━━━ Information given

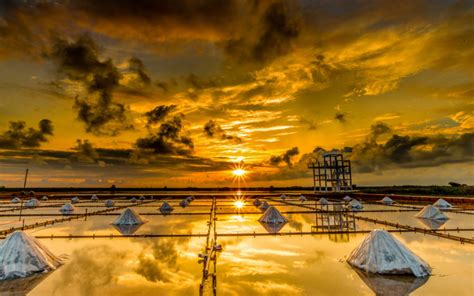 sunlight, Reflection, Clouds, Sky Wallpapers HD / Desktop and Mobile ...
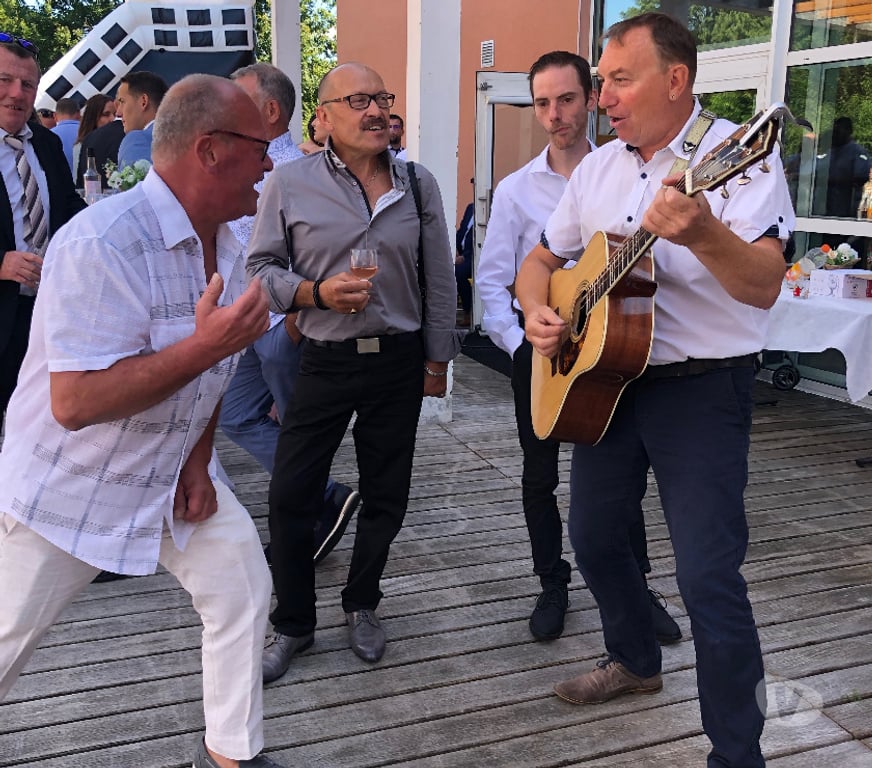 Organisations d'evènements Morbihan Vannes - 56000 - Photos Vivastreet chanteur musicien pour cocktail et bal sur vannes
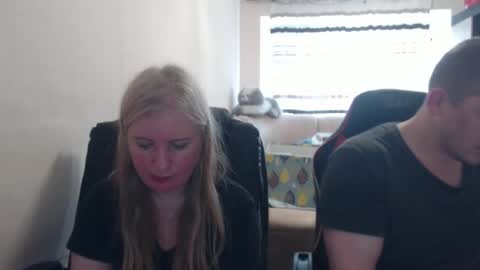 Snapshot of jenisandpeter chatting on May 2026 04:13:01 PM JenisAndPeter online show from May 2026 04:13:01 PM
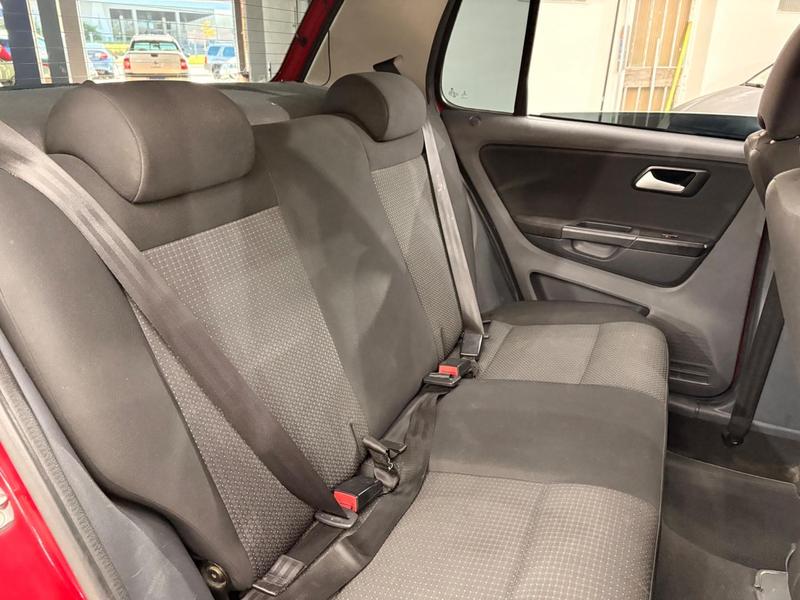 Volkswagen Fox Connect Mb - foto 13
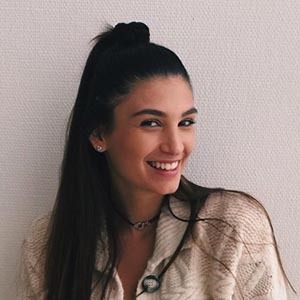 Carlavva Headshot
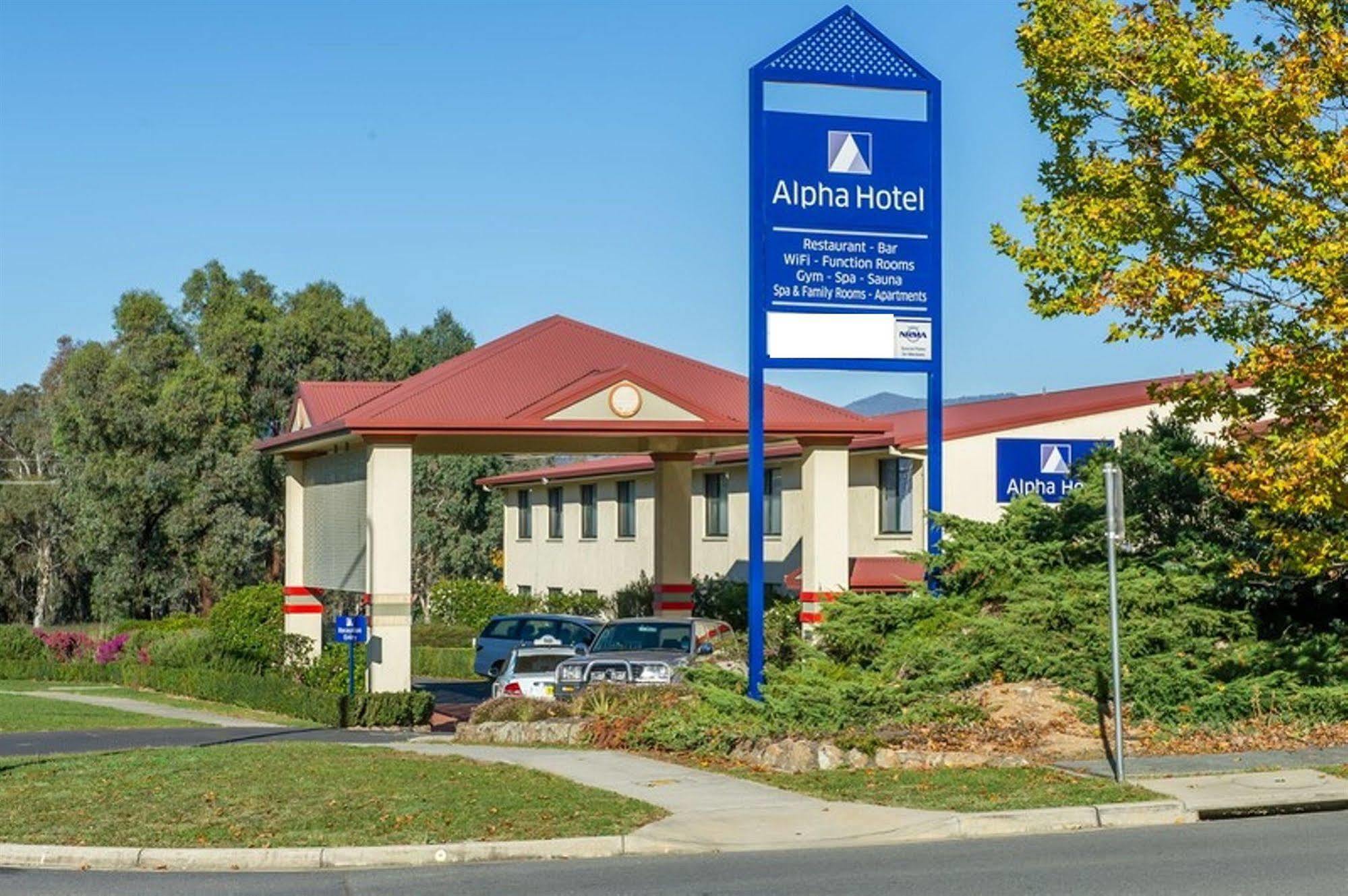 Alpha Hotel Canberra Extérieur photo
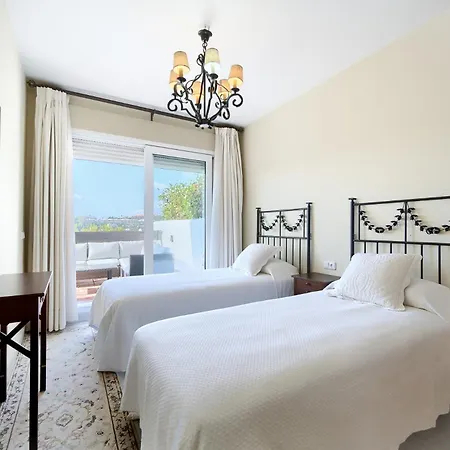 Penthouse Nueva Andalucia * Marbella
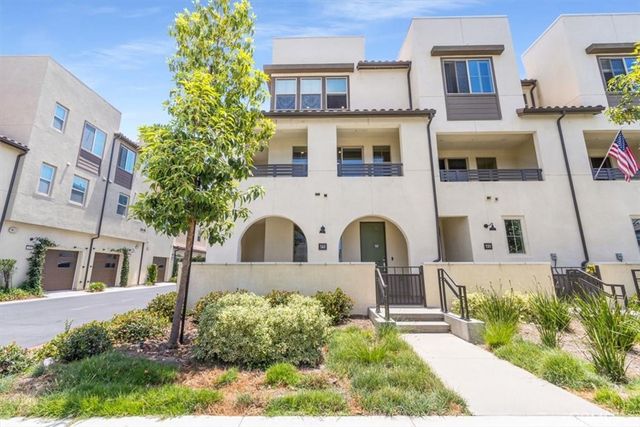 141 Graze Way, Rancho Mission Viejo, CA 92694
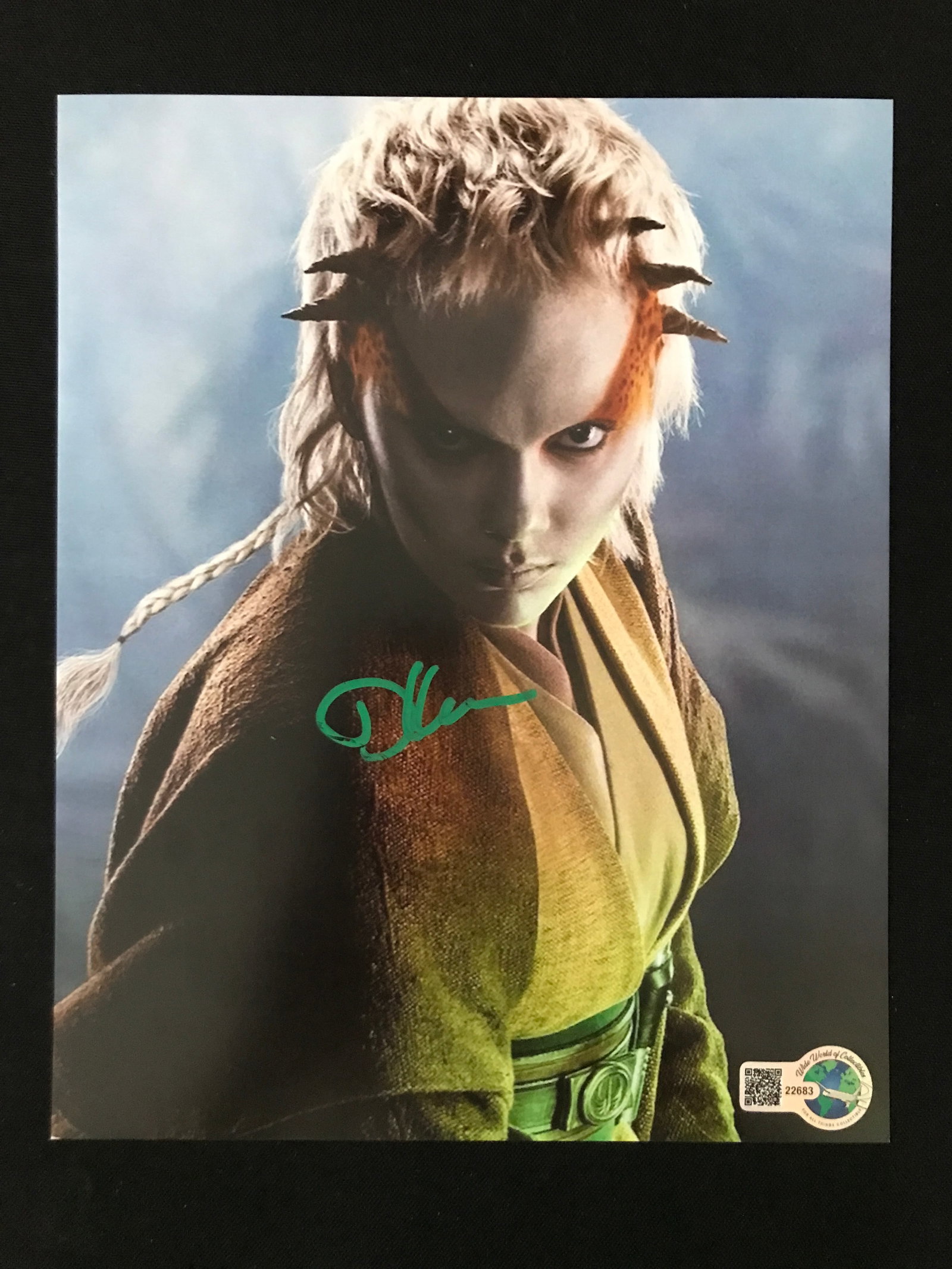 DAFNE KEEN SIGNED ACOYLTE 8X10 - WWOC COA: Prices are in Canadian dollars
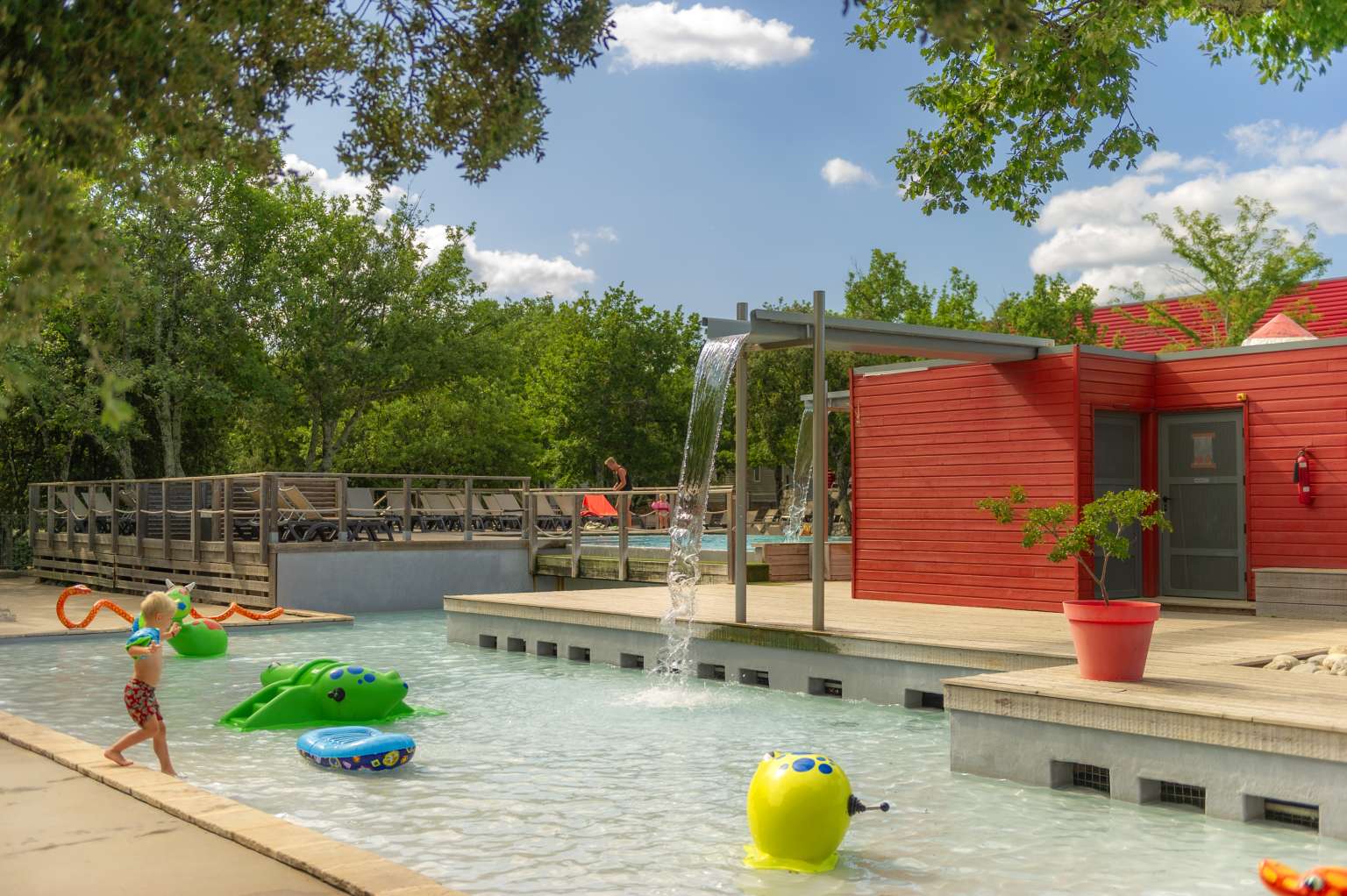 Ruoms, aluna vacances, campsite, ardeche, pool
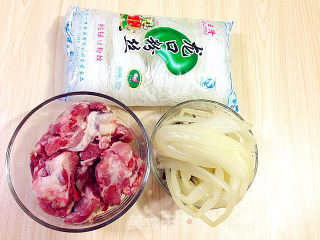 私房菜之酸菜炖排骨的做法步骤：1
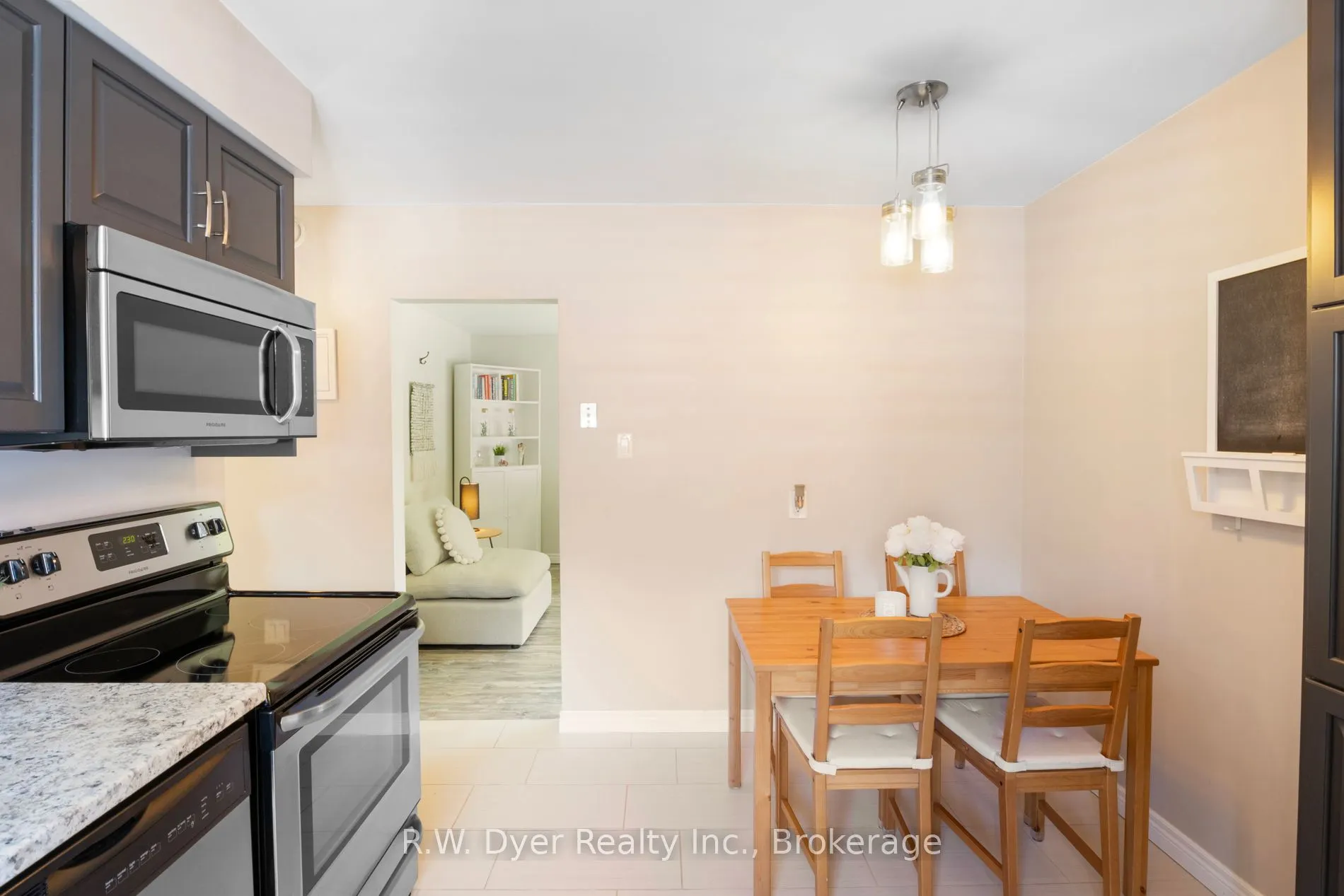 49 Lauris Avenue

━━━━━━

• _Your goal_
Retype only the lines above from the one with "DAFNE KEEN SIGNED" through the last, both ends included, keeping every picture out of the copy.

• _Task result_
 DAFNE KEEN SIGNED ACOYLTE 8X10 - WWOC COA: Prices are in Canadian dollars
 Ruoms, aluna vacances, campsite, ardeche, pool
 私房菜之酸菜炖排骨的做法步骤：1
 49 Lauris Avenue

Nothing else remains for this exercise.